Si algún recuerdo permanece con fidelidad en la memoria de un ser humano hasta su vida adulta es, sin duda, alguna pequeña gran hazaña que haya realizado en su infancia. Si a mí me pidieran que, de bote pronto, diga cuáles fueron los momentos más épicos de mi niñez, entre ellos contaría la remontada que le dimos los de la selección de futbol de mi colegio a nuestro acérrimo rival en la final del torneo interescolar.
Perdíamos 4-2 en el segundo tiempo y acabamos mandando aquello a tiempos extra, para terminar alzando los brazos en penaltis. No estoy seguro si metí gol, pero casi lo juraría. Así, miles de adultos guardamos como un tesoro aquellas fantásticas historias que vivimos de niños, mientras nuestros padres gritaban en las gradas como si hubiésemos ganado el Mundial.
El domingo, camino al juego de vuelta del Toluca contra los Tigres, deseé que Lorenzo —mi hijo— pudiera ser testigo de una proeza heroica y que los Diablos consiguieran venir de atrás del dificilísimo 4-1 en la ida. A veces, no hace falta protagonizar una gesta descomunal para acordarte de ella con emoción para siempre, sino que basta con presenciarla al lado de alguien a quien quieres.
Nunca había ido a La Bombonera, como se le conocía a su estadio por la semejanza con una caja de bombones y con la Bombonera del Boca Juniors, bastión de la pelota argentina. Hoy, la cancha de los del Estado de México lleva el nombre de don Nemesio Díez, aunque en realidad todos le dicen “El infierno”, especialmente los contrincantes.
Desde las calles aledañas, se percibía que algo podía suceder.

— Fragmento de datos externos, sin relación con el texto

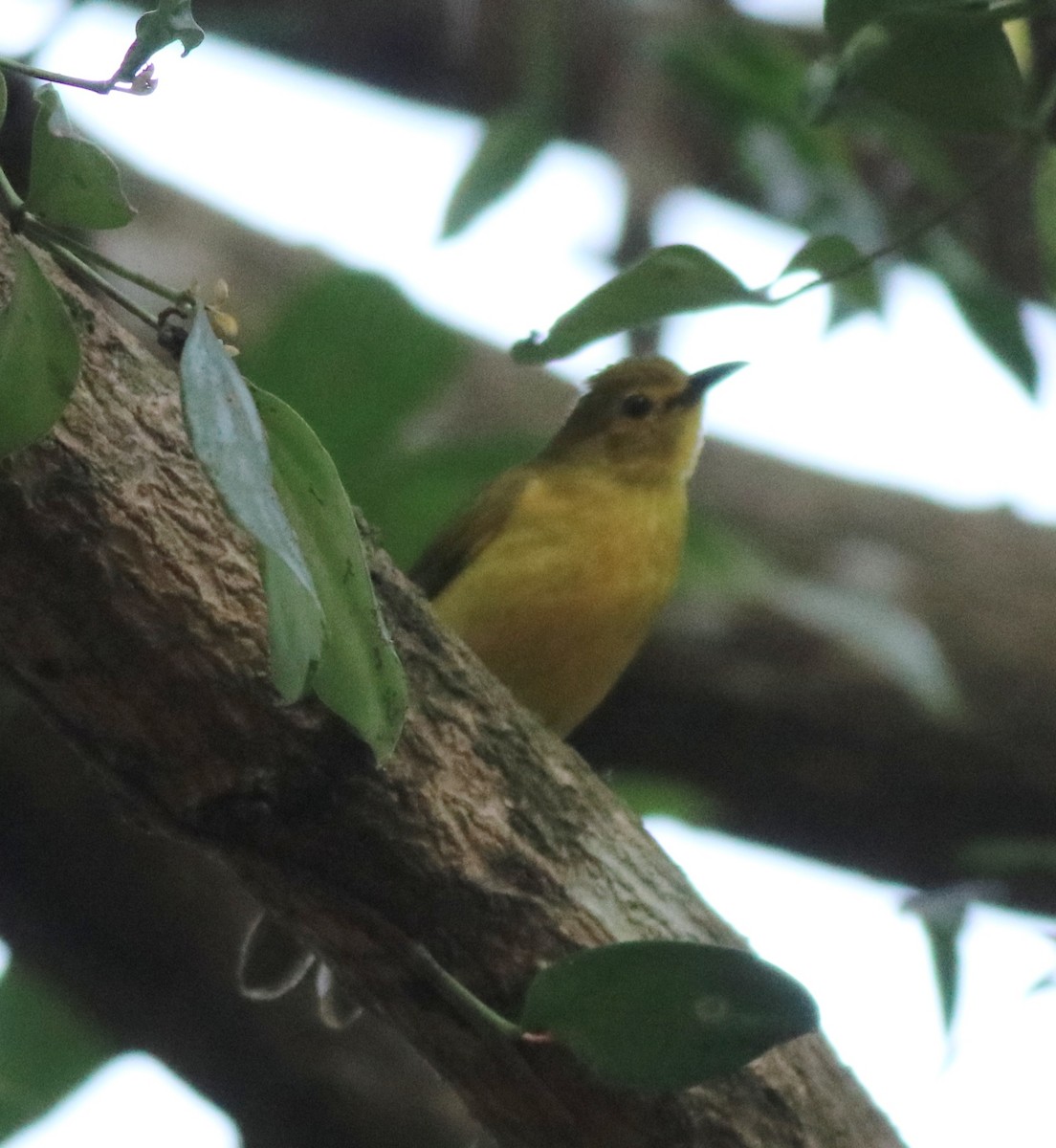 Yellow-browed Bulbul - ML637966498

Se respiraba una sensación de que en el mismísimo averno podía ocurrir un milagro. Y la verdad es que, aunque sea por unos instantes, ocurrió. La gente no paraba de gritar y apoyar a los suyos, y cuando los de rojo marcaron el tercero, salieron chispas y todo retumbó. El “¡Sí se puede!” mutó en el “¡Así se hace!”.

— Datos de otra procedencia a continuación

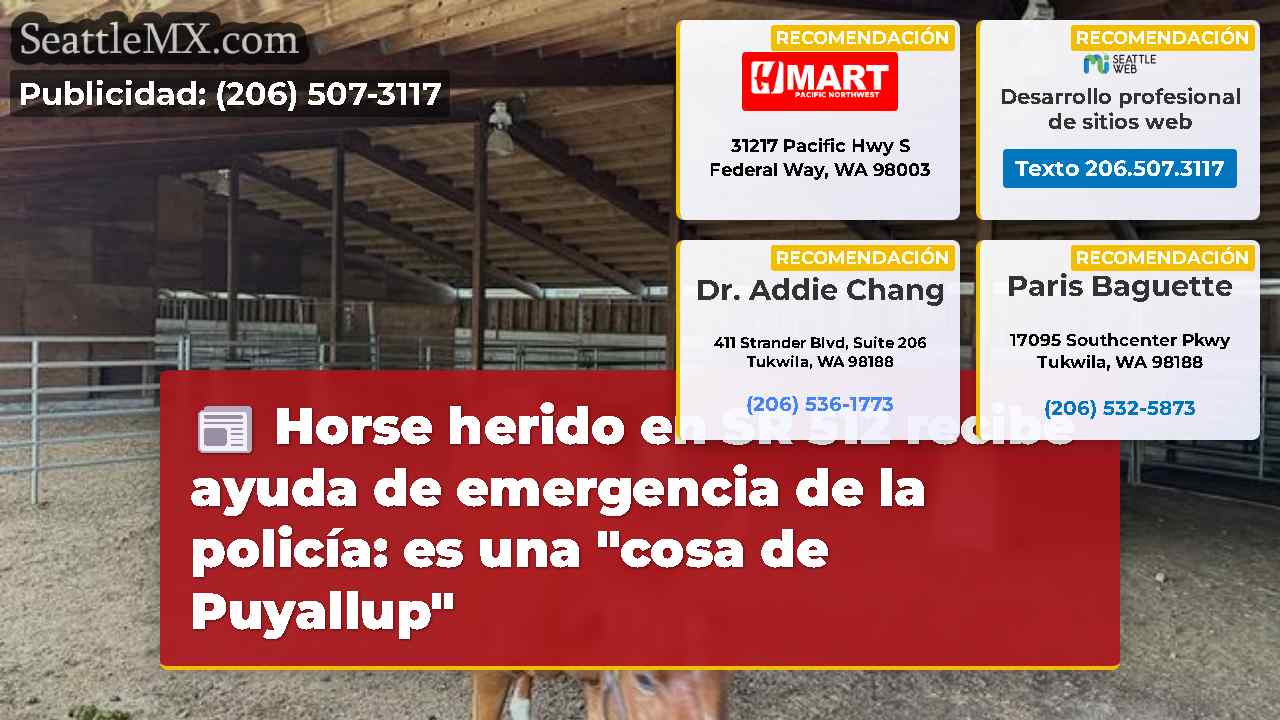 Noticias de Seattle SeattleMX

Lorenzo y yo no lo creíamos. A pesar de ser necaxistas, nos volteamos a ver maravillados y sonreímos casi con la misma emoción que comparten don Nemesio y don Valentín, su hijo, en el mural que hace de su estadio una auténtica fortaleza. Seguramente ahí apuntaba la mirada del propietario del Deportivo Toluca, club que, luego de conocerlos un poco más, estoy seguro de que pronto conquistará “la undécima”.